[Material shown — start]

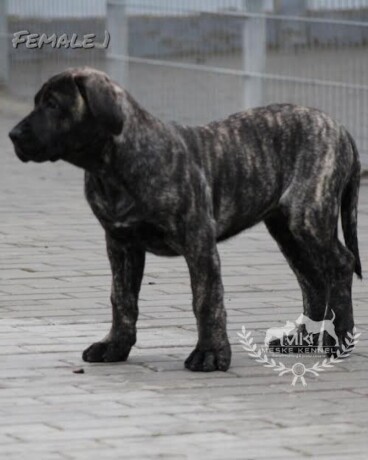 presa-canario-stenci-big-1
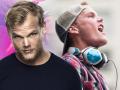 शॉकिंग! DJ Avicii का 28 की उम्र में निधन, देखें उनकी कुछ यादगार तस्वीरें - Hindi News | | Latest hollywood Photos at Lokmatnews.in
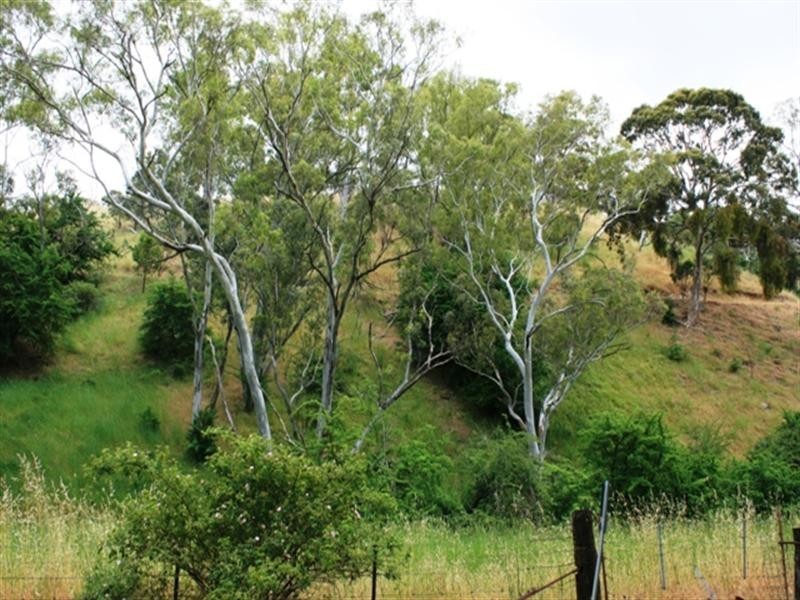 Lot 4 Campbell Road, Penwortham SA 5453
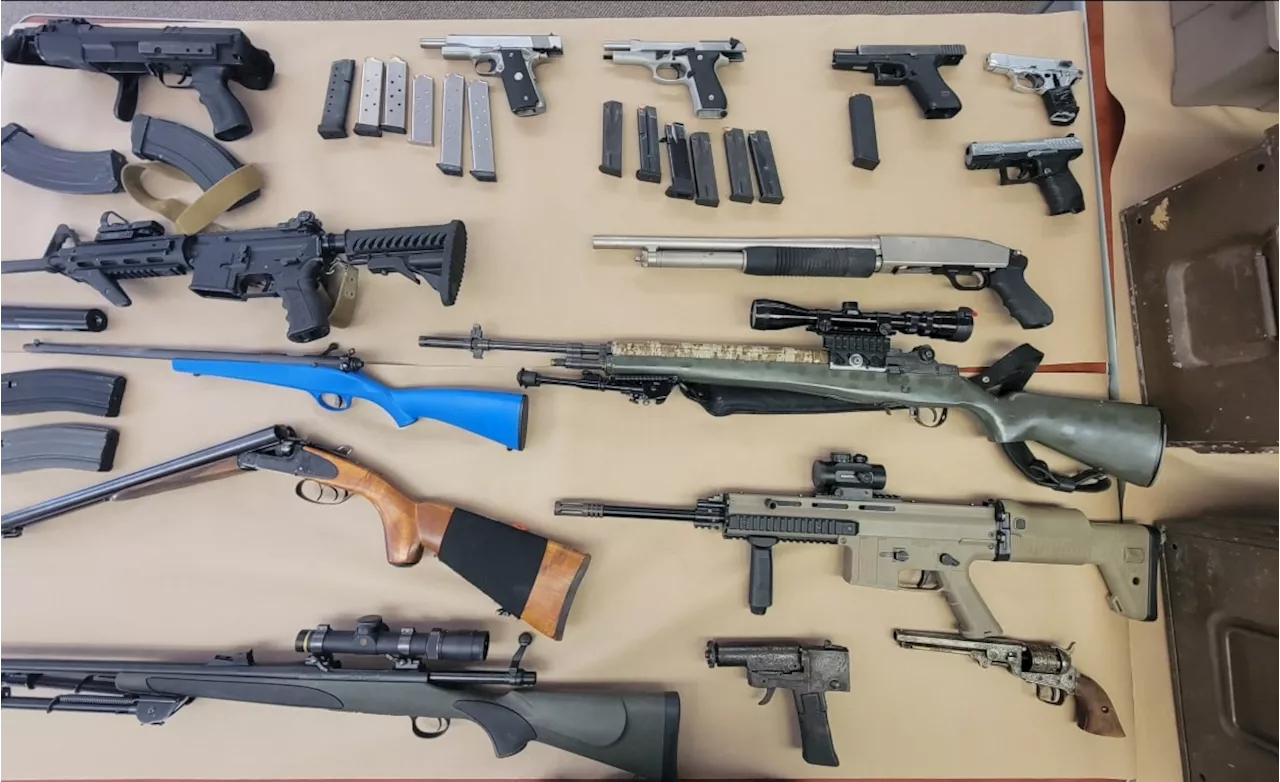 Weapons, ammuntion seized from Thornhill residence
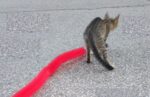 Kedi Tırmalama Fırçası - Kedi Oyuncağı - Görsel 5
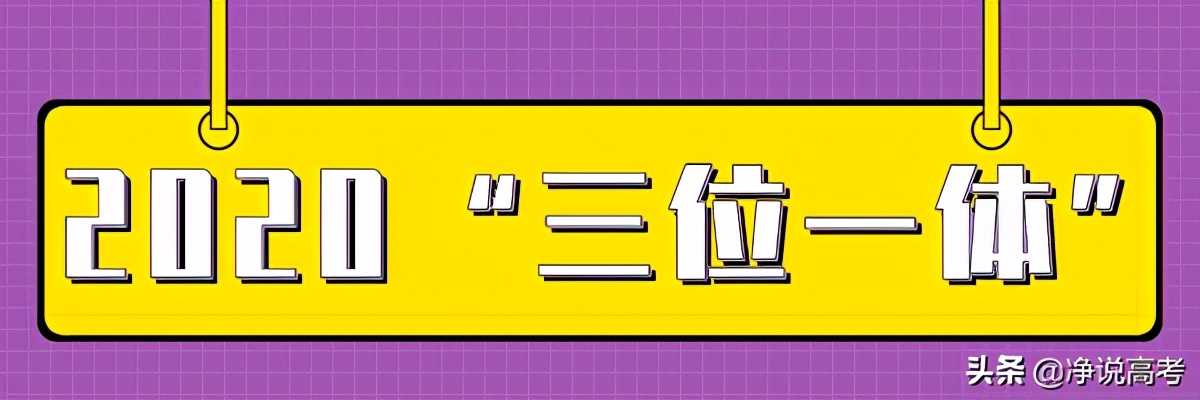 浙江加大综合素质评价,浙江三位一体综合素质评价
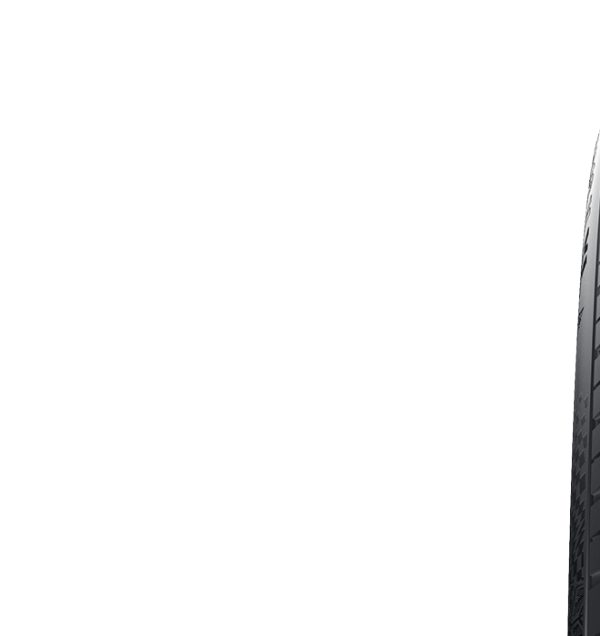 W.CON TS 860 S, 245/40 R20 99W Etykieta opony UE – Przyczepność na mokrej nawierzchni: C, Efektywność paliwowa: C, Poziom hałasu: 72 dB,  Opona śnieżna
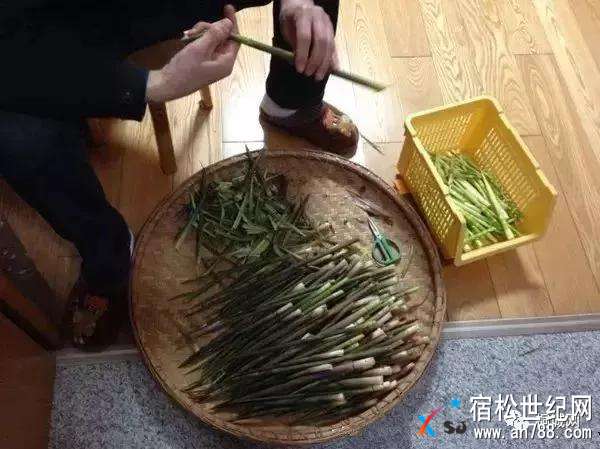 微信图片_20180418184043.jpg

[Material shown — finish]
[Material shown — start]

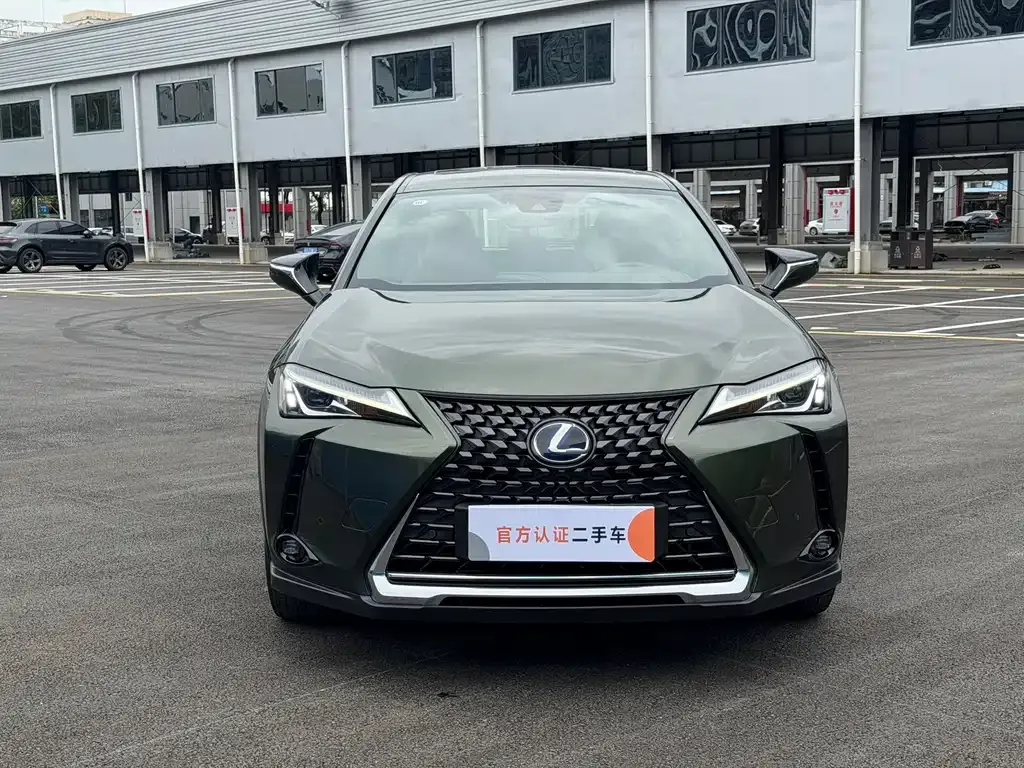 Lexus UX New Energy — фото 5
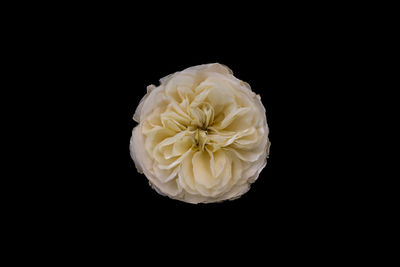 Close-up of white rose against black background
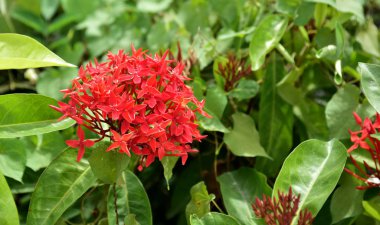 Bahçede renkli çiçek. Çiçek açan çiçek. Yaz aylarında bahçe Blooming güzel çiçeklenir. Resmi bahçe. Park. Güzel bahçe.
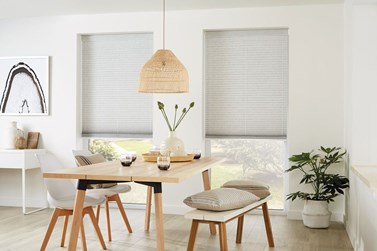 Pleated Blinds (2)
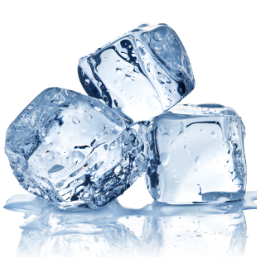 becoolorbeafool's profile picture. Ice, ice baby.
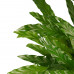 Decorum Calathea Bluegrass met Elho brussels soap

[Material shown — finish]

# Task objective:
Above, find the line holding "presa-canario-stenci-big-1" and the line holding "W.CON TS 860". Print exactly those two lines and every line between them, but no pictures.

# Task response:
 presa-canario-stenci-big-1
 शॉकिंग! DJ Avicii का 28 की उम्र में निधन, देखें उनकी कुछ यादगार तस्वीरें - Hindi News | | Latest hollywood Photos at Lokmatnews.in
 Lot 4 Campbell Road, Penwortham SA 5453
 Weapons, ammuntion seized from Thornhill residence
 Kedi Tırmalama Fırçası - Kedi Oyuncağı - Görsel 5
 浙江加大综合素质评价,浙江三位一体综合素质评价
 W.CON TS 860 S, 245/40 R20 99W Etykieta opony UE – Przyczepność na mokrej nawierzchni: C, Efektywność paliwowa: C, Poziom hałasu: 72 dB,  Opona śnieżna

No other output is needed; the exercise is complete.